• What to work on: When you find the word "Brown" in a line of the entries, please copy the whole line.

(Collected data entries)
*****

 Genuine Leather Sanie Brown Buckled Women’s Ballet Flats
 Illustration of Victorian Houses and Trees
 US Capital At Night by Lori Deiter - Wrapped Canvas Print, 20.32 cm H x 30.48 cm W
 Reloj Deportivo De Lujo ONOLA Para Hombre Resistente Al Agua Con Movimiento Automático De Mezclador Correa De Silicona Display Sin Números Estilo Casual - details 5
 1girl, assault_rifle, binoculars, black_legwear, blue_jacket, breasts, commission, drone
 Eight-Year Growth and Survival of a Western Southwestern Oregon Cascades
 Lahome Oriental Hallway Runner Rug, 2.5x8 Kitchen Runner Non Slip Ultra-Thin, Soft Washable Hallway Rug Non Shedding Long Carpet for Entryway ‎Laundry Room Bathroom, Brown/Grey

*****

• Reply:
 Genuine Leather Sanie Brown Buckled Women’s Ballet Flats
 Lahome Oriental Hallway Runner Rug, 2.5x8 Kitchen Runner Non Slip Ultra-Thin, Soft Washable Hallway Rug Non Shedding Long Carpet for Entryway ‎Laundry Room Bathroom, Brown/Grey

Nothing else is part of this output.